→ **Stored data**:
------------

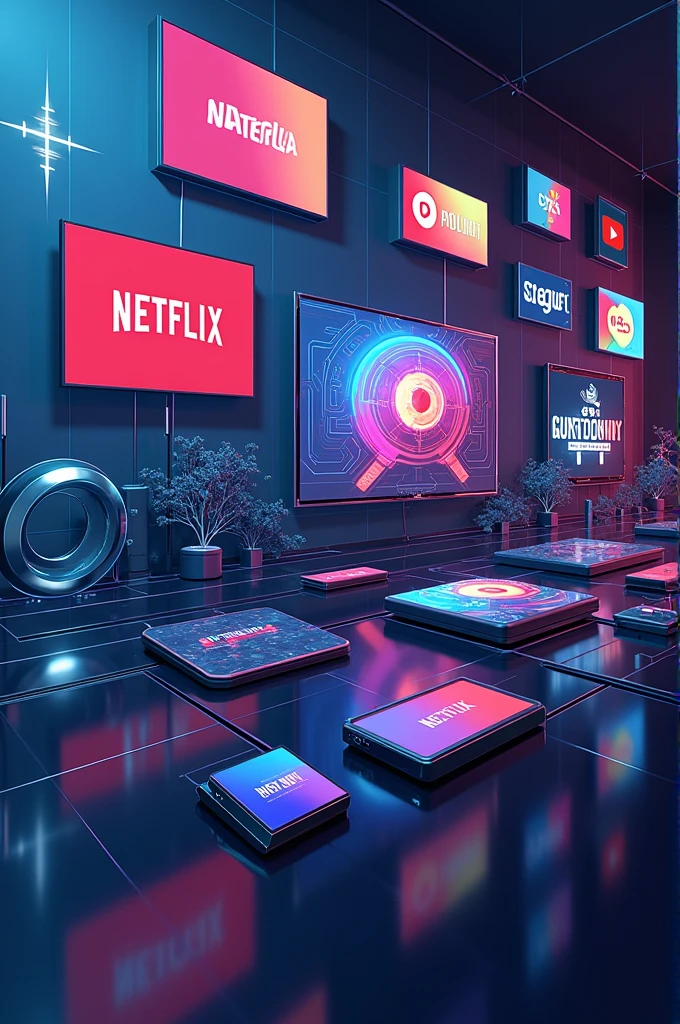 Create image with all streaming platforms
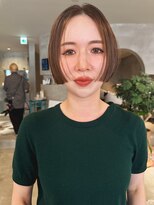 ハウ 心斎橋(how)&nbsp;冬カラー韓国風タッセルボブ×暖色カラー大人艶ボブ20代30代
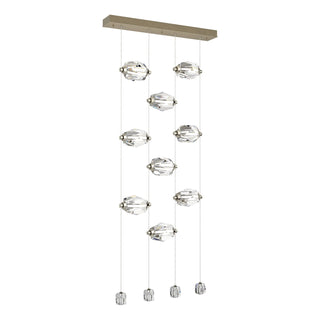 Buy soft-gold-and-clear-textured-shade Gatsby Pendant by Hubbardton Forge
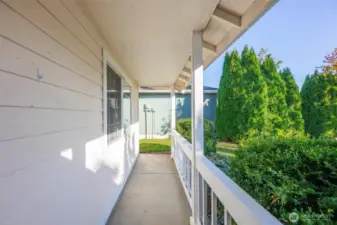 Large and welcoming front porch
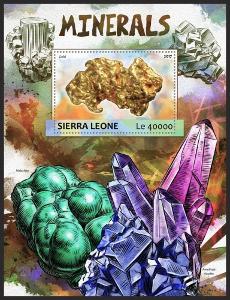 Sierra Leone 2017 Minerály Mi# Block 1175 Kat 11€ R228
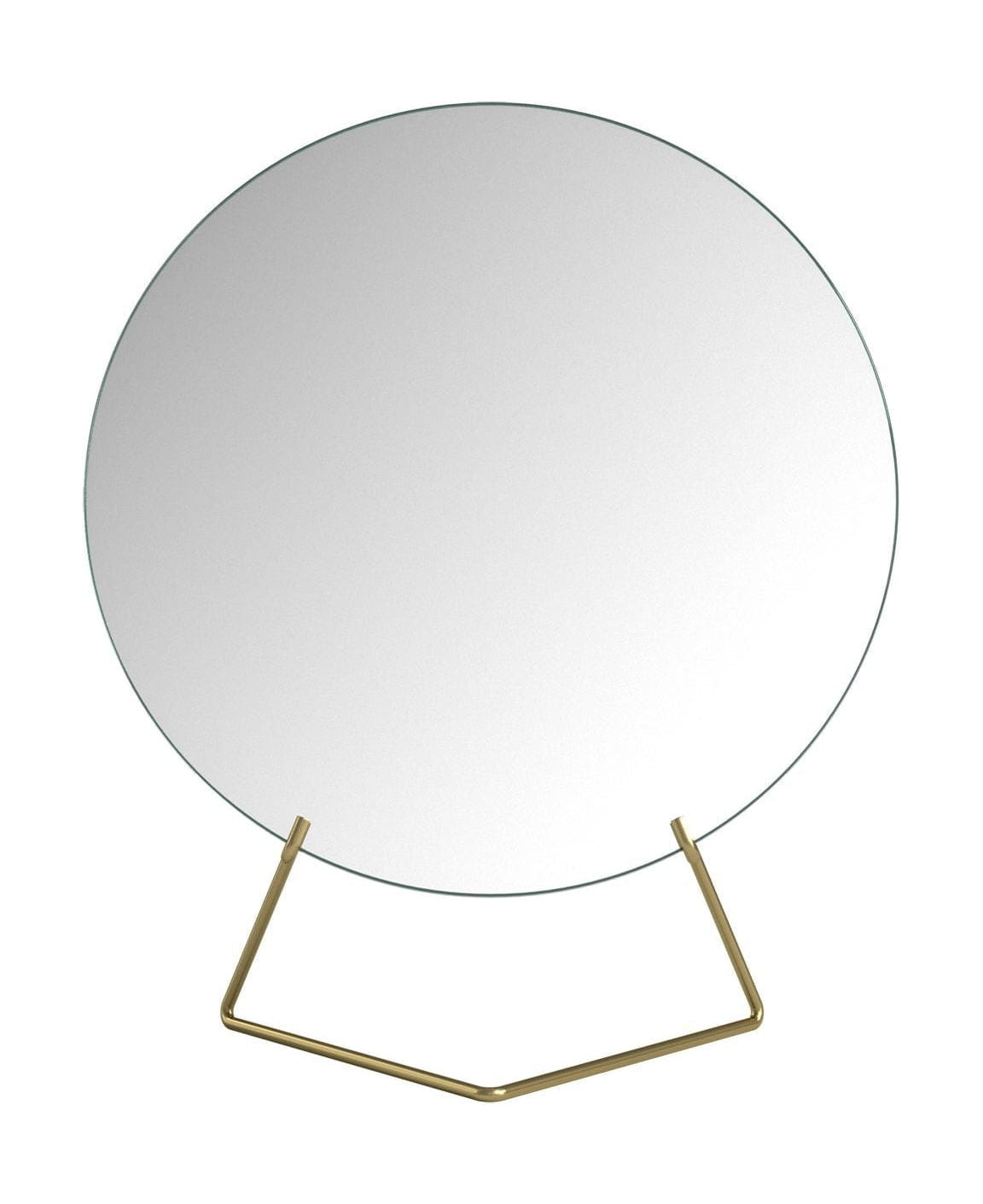 [product_category]-Moebe Standing Mirror ø20 Cm, Brass-Moebe-5713520000249-MIBR20-MOE-14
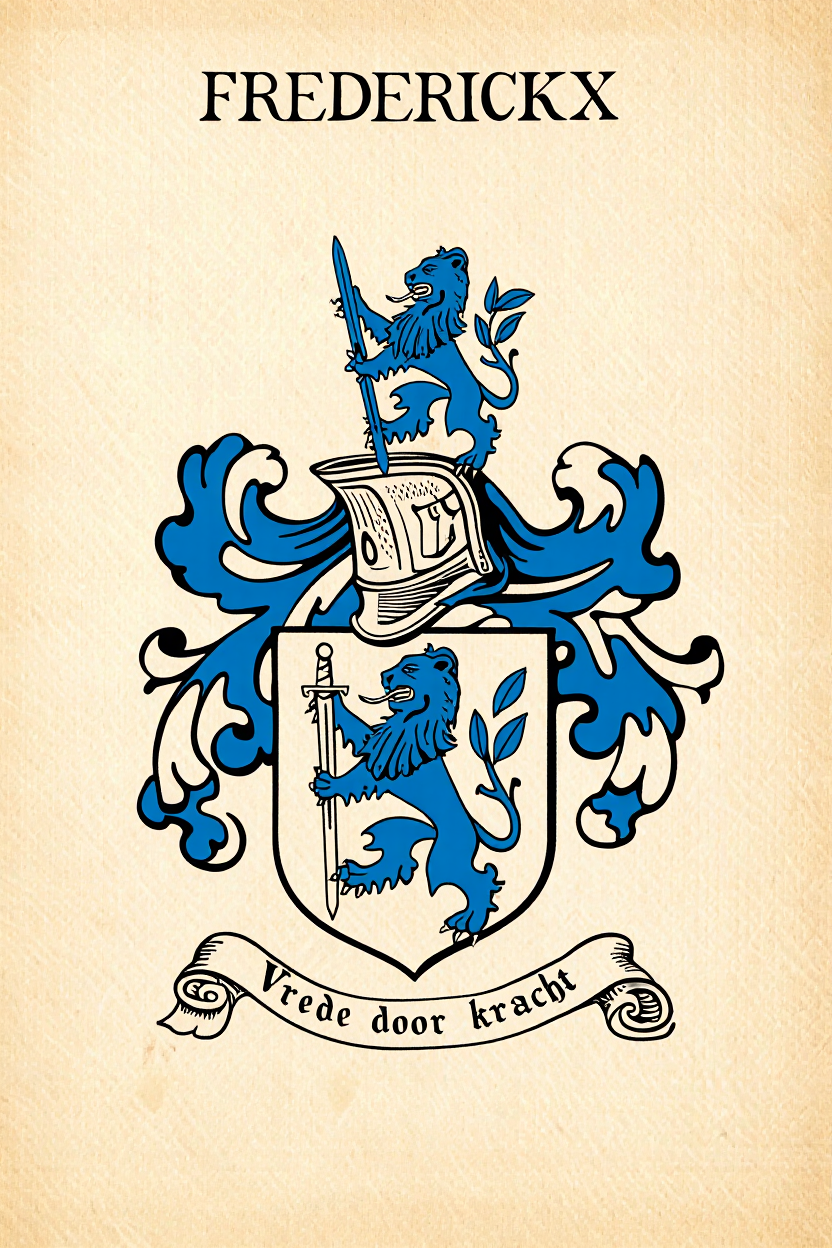 Familiewapen van de achternaam FREDERICKX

------------

→ **Problem to work on**: Could you set down every record above word for word, leaving out the pictures?

→ **Reply**:
 Create image with all streaming platforms
 ハウ 心斎橋(how)&nbsp;冬カラー韓国風タッセルボブ×暖色カラー大人艶ボブ20代30代
 Buy soft-gold-and-clear-textured-shade Gatsby Pendant by Hubbardton Forge
 Large and welcoming front porch
 Sierra Leone 2017 Minerály Mi# Block 1175 Kat 11€ R228
 [product_category]-Moebe Standing Mirror ø20 Cm, Brass-Moebe-5713520000249-MIBR20-MOE-14
 Familiewapen van de achternaam FREDERICKX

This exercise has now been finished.